Et quia illud, per quod res constituitur in proprio genere vel specie, est hoc quod significatur per definitionem indicantem quid est res, inde est quod nomen essentiæ a Philosophis in nomen quiditatis mutatur. Et hoc est etiam quod Philosophus frequenter nominat quod quid erat esse, id est hoc per quod aliquid habet esse quid. Dicitur etiam forma secundum quod per formam significatur certitudo uniuscuiusque rei, ut dicit Avicenna in secundo Metaphysicæ suæ. Hoc etiam alio nomine natura dicitur, accipiendo naturam secundum primum modum illorum quattuor, quos Bœthius in libro De Duabus Naturis assignat: secundum scilicet quod natura dicitur 40omne illud quod intellectu quoquo modo capi potest. Non enim res est intelligibilis nisi per definitionem et essentiam suam. Et sic etiam Philosophus dicit in quinto Metaphysicæ quod omnis substantia est natura. Tamen nomen naturæ hoc modo sumptæ videtur significare essentiam rei, secundum quod habet ordinem ad propriam operationem rei, cum nulla res propria operatione destituatur. Quiditatis vero nomen sumitur ex hoc, quod per definitionem significatur. Sed  essentia dicitur secundum quod per eam et in ea ens habet esse.

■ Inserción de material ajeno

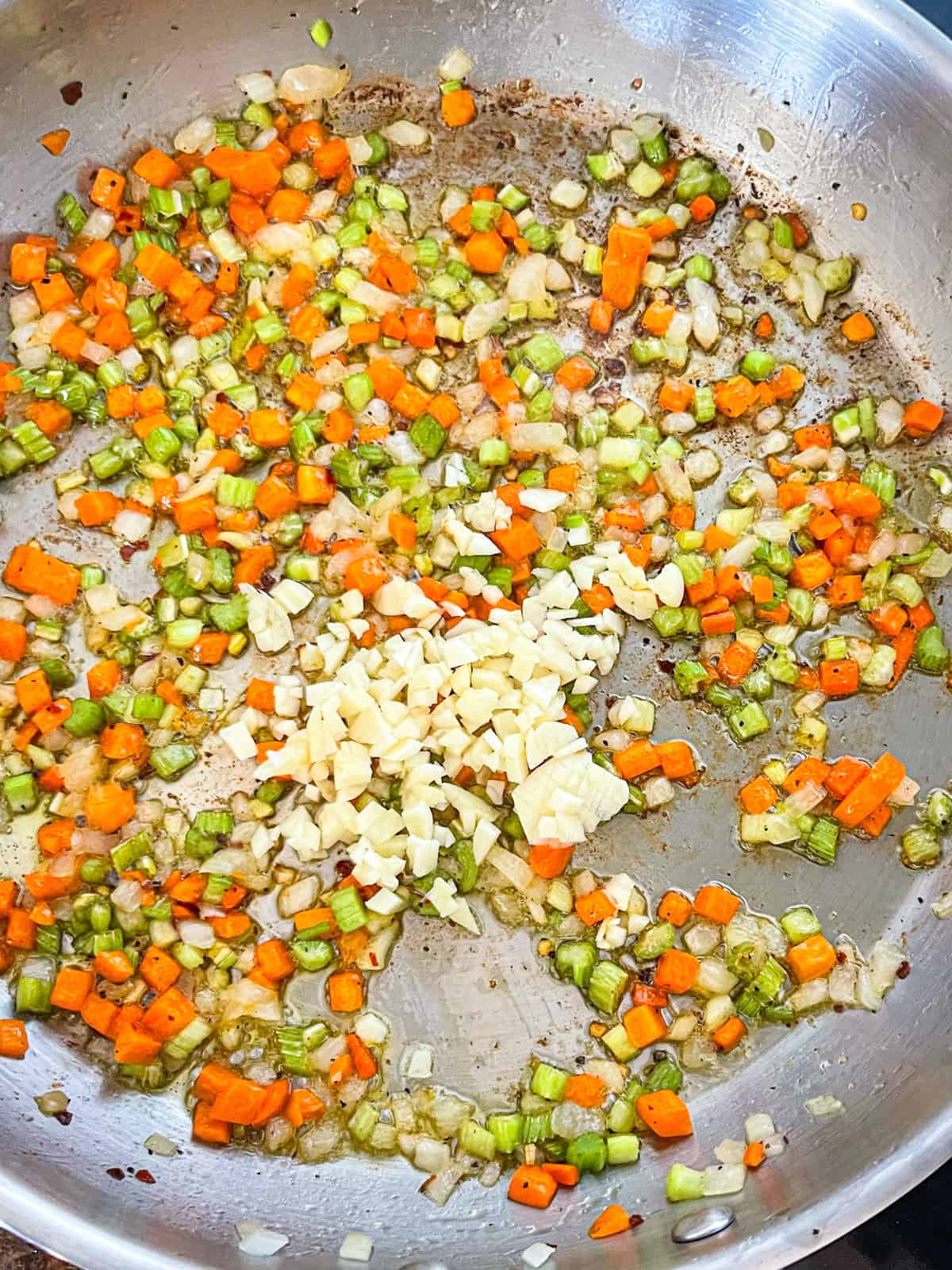 soffritto of onion, carrot, and celery cooking in oil from the octopus tins.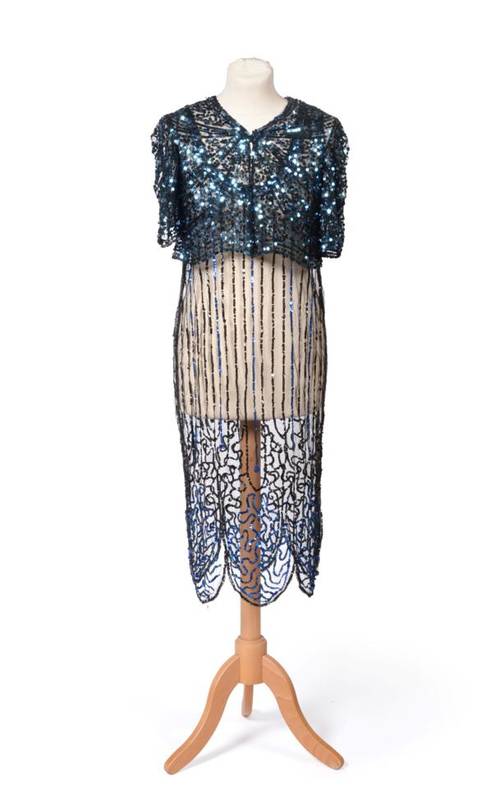 Lot 2108 - 1920s Blue and Black Sequinned and Beaded Dress, the black net ground embellished with striped...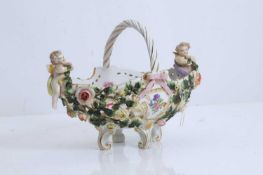 A Continental porcelain basket, late 19th to early 20th century,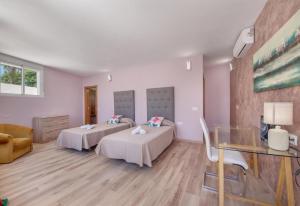 Posteľ alebo postele v izbe v ubytovaní Villa Domus Vesta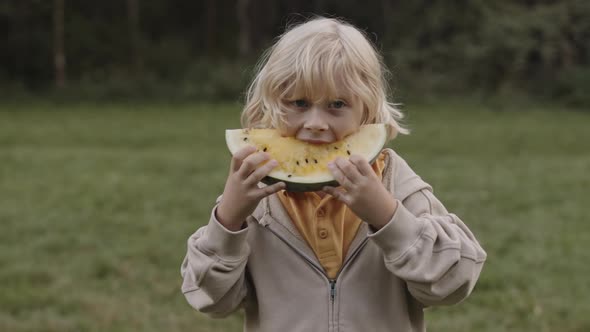 Blond Boy Eating Yellow Watermelon alt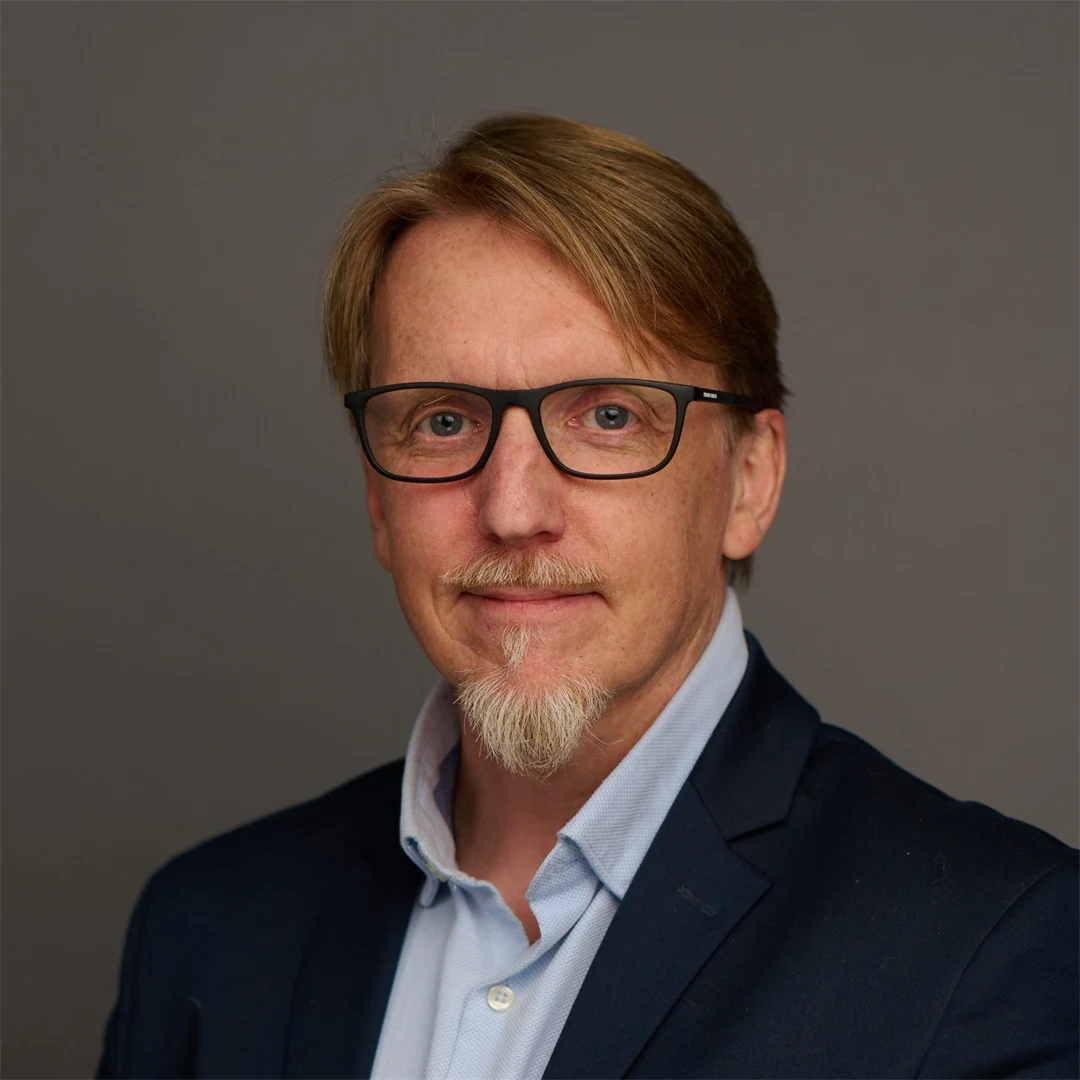 Porträttbild på en man.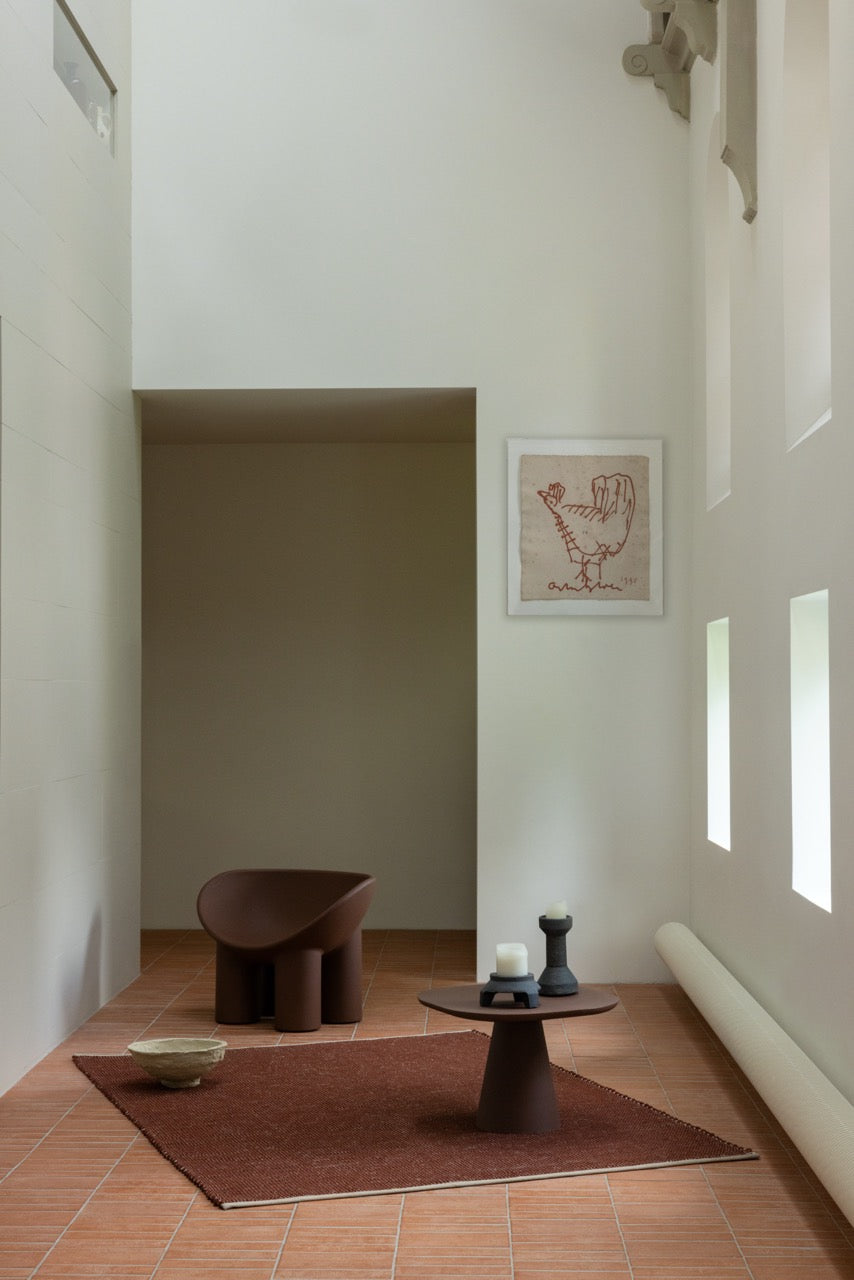Brink & Campman Frame Brick rug styled in an architectural living room with modern furniture
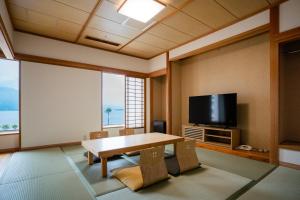 a living room with a table and a flat screen tv at Hotel Welview Kagoshima in Kagoshima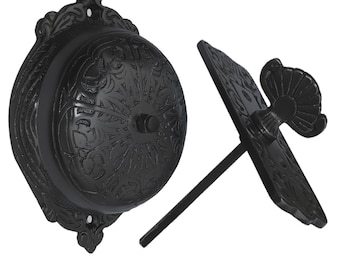 May include: Black cast iron doorbell with a decorative floral design. The doorbell has a lever on the side to ring the bell.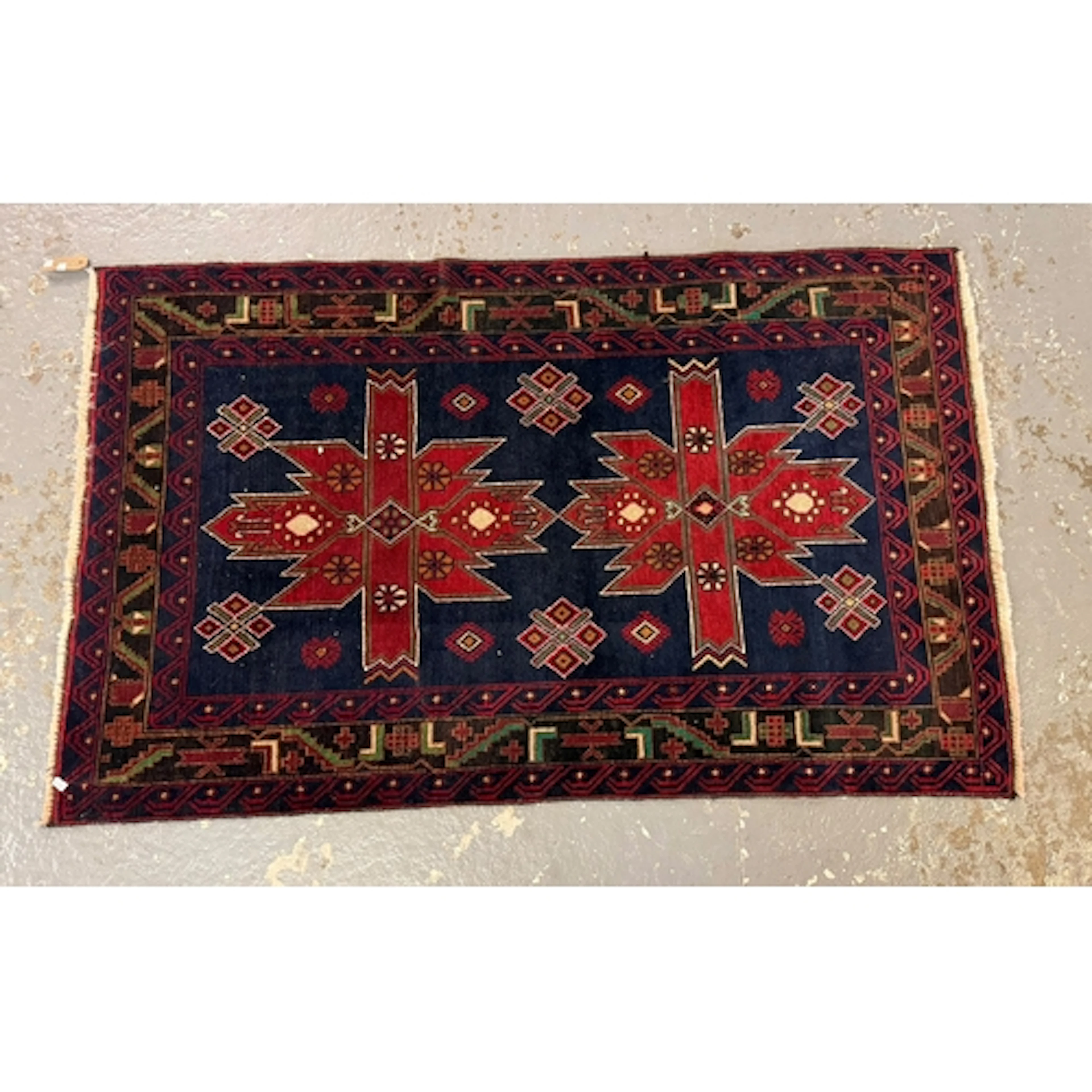 Two similar Pakistan hand knotted woolen rugs, both on a red...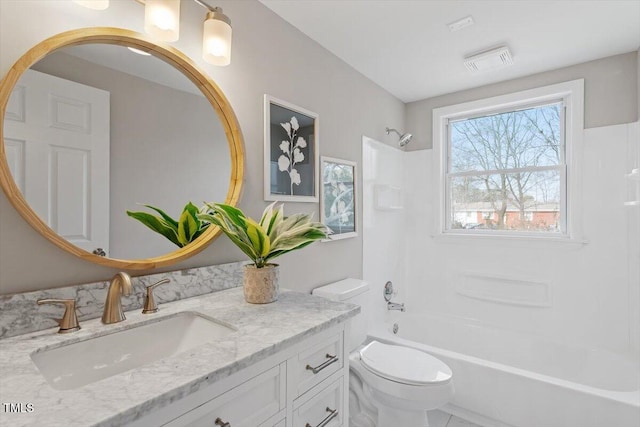 full bathroom featuring vanity, shower / bathing tub combination, and toilet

Y lo que hace que una cosa quede constituida dentro de un género propio o una especie es lo que viene significado por medio de la definición que indica qué es la cosa, por lo cual los filósofos han cambiado el nombre de esencia por el de quididad; esto es asimismo lo que el Filósofo llama con frecuencia “lo que era ser”, esto es, aquello por lo que algo tiene el ser un qué. También se le llama forma, siempre que por forma se entienda la perfección o certeza de una cosa cualquiera, según dice Avicena en su Metaphysica, II. Otro nombre que se le asigna es el de naturaleza, entendida en el primer sentido de los cuatro que Boecio menciona en su libro De duabus naturis, según el cual se llama naturaleza todo aquello que de una manera u otra pueda ser captado por el entendimiento; ninguna cosa, en efecto, es inteligible si no es por medio de su definición y su esencia. Y así dice también el Filósofo en Metaphysica, V, que toda sustancia es naturaleza. No obstante, el nombre de naturaleza tomado en este sentido parece significar más bien la esencia de la cosa según presente orden u ordenación a su operación propia, pues ninguna hay que pueda ser destituida de la operación que le es propia. La quididad se toma ciertamente de lo que es significado por medio de la definición, pero la esencia se dice según que por ella y en ella tiene existencia el ente.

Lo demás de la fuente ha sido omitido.